How can racism, homophobia, transphobia, misogyny and ableism in sport be tackled?

  1. People with a learning disability face significant barriers to playing an active role in their community. We know that children with special educational needs (SEN) are twice as likely to be bullied regularly than children with no SEN[1] and only 6% of adults with a learning disability known to their local authority were in paid employment in England[2].


  1. To help tackle this we delivered a series of leadership programmes with StreetGames. This aimed to train 500 people with a learning disability to become leaders in the sector and deliver sports sessions. We hope that this programme will increase awareness of learning disability, ensuring people with a learning disability are leaders rather than just beneficiaries, and affect positive change in local communities.


  1. Elite and professional sports have an important role to play in supporting grassroots clubs. We are pleased to say that there has been improvement in this relationship over the past few years in their approach to disability, which has been highlighted by the recent improvements in physical activity amongst disabled people. This has been particularly through community sports clubs with rugby league being one of the best examples. However, there is a real risk of this progress being undone as the sector has been adversely impacted by lockdown and the closure of facilities. .
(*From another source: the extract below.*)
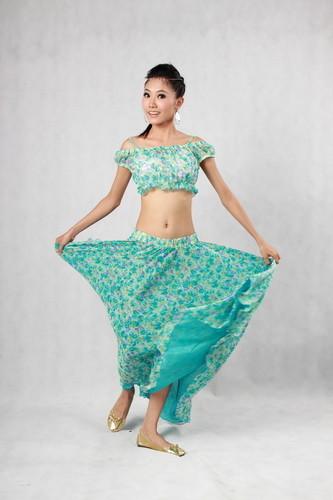 Elegant Belly Dancer Costume Blue Green Floor Length Maxi Skirt Plain Neckline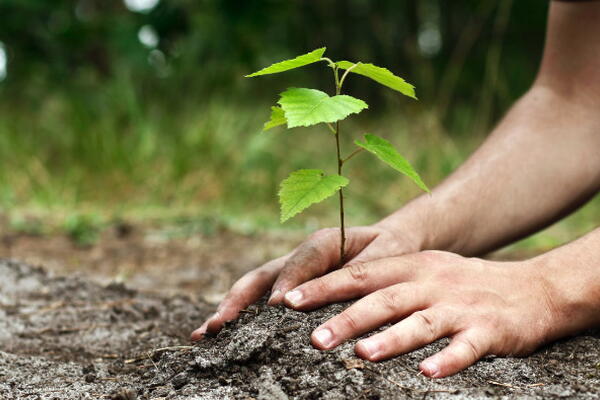someone planting a sappling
  1. While there are significant gaps in pathways from grassroots to the elite level for people with a learning disability, we are concerned about the growing movement towards elite bodies self-regulating. A move towards having elite bodies in essence evaluating their work, could lead to a higher focus on programmes supporting the elite level of the game, rather than more resource intensive interventions to increase participation amongst disabled participants whilst decreasing accountability for the sport providing community benefits. This lack of accountability and whole sport approach risks seeing current levels of support for grassroots sports reduce or removed entirely to focus increasingly on programmes supporting the elite level, rather than developing opportunities for everyone.


  1. As a result of few elite level competitions for people with a learning disability, for example only 3 sports are available at a Paralympic level, there is a lack of role models for aspiring athletes. Without increased visibility at a professional level, supported by the sports organisation and sector, increasing the number of athletes with a learning disability at grassroots and their talent pathways will remain a challenge.


Should there be a national plan for sport and recreation? Why/why not?

  1. We agree that there should be a national plan for sport and recreation and at its heart should be a clear vision and framework to break down historic barriers such as disability. However, it cannot be ridged in prescribing directions of travel. The strategy should rather be flexible with a focus on supporting the development of local initiatives and engaging local communities. This would ensure that local needs are met and that the strategy has the best possible opportunity of reaching disadvantaged communities.